Gli abitanti di Norcia non intendono lasciare il loro territorio. Meglio le tende che gli alberghi sulla costa adriatica lontani dal sisma. Li guida l’attaccamento alle loro case e alla comunità ma anche il timore di lasciare i loro beni in balia degli sciacalli. Ansia comprensibile, ma è lo scetticismo che prevale. Il cittadino italiano dubita del suo Stato. L’ intero Paese vive slanci del cuore e si offre ad aiutare chi è colpito dalla disgrazia e dalla sfortuna.

Ma poi quando questa «pietas» deve tradursi in atti amministrativi, in azioni di governo ecco che scatta la diffidenza. Troppi sono gli scandali e il malaffare che hanno scandito la vita pubblica nazionale negli ultimi anni per poter nutrire un sentimento di certezza sull’ affidabilità della mano pubblica.

Un atteggiamento che si è esteso al di fuori dei confini nazionali ed ha contagiato le opinioni pubbliche di molti Paesi europei alleati e amici dell’ Italia. Gli italiani sono considerati intelligenti, creativi, mossi da spirito solidale, ma il sospetto che dietro la facciata istituzionale si nasconda la fregatura, questo è un sentimento condiviso.

Ce ne dà prova in questi giorni la Commissione europea che, di fronte alla tragedia di un Paese membro scosso da violenti terremoti, non trova di meglio che aggrapparsi agli zero virgola di un deficit improbabile.Certo non sono mancate le dichiarazioni di solidarietà, ma in queste circostanze contano i fatti.

Per esempio, sarebbe stato di buon auspicio convocare un vertice straordinario del Consiglio europeo dei capi di Stato e di governo con un solo punto all’ ordine del giorno: misure di intervento straordinario per un evento straordinario.

Anche il governo tedesco ha pensato bene di esprimere vicinanza umana, ma poi ha fatto sapere che i patti sono patti e vanno rispettati. Il sospetto è che il governo italiano con la scusa delle spese dovute all’ emergenza metta in carico anche interventi che con il terremoto non hanno nulla a che fare. Ed è qui che nasce l’ incomprensione o, se vogliamo, la vera differenza fra il mondo germanico e mediterraneo.

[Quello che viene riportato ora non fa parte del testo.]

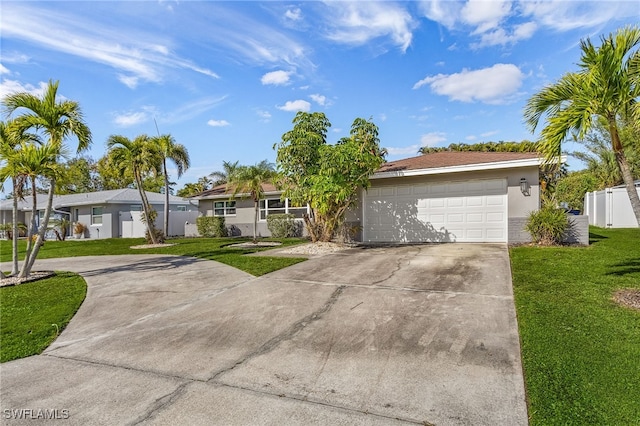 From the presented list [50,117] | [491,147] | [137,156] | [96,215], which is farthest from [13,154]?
[491,147]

Sull’ onda di un’ emergenza che per il governo italiano non è solo sismologica, ma soprattutto politica ed economica, vedi referendum e bassa crescita, il primo ministro italiano si sente autorizzato a sforare e quindi a disattendere gli impegni del Fiscal Compact.

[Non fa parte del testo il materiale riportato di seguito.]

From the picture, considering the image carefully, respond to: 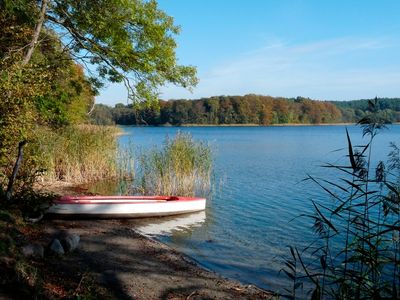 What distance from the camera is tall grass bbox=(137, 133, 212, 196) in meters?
15.0

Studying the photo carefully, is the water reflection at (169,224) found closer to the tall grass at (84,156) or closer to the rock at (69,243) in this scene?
the rock at (69,243)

È in buona fede e pensa che sia la volta buona per scardinare l’ austerità e rilanciare gli investimenti. In Europa non capiscono perché per loro gli accordi sottoscritti vanno prima onorati e poi ridiscussi e il presidente della Commissione ha recentemente affermato che il patto firmato anche dall’ Italia si chiama di stabilità e non di flessibilità. Cercare scorciatoie è considerato poco serio. Prima ci si fa carico delle responsabilità assunte e poi si tratta.

E in questa partita le emozioni non contano, anche se nascono da tragedie imprevedibili. Si apprezza di più la volontà di tenere fede agli impegni presi che il piangere sulle miserie di una condizione oggettivamente esposta ai moti dell’ animo.

E non è solo l’ ottusità di burocrati insensibili, è il comune sentire di ampie fette di elettorato in Germania, come in Olanda o in Finlandia. Sono queste le differenze che rendono difficile un percorso condiviso in Europa.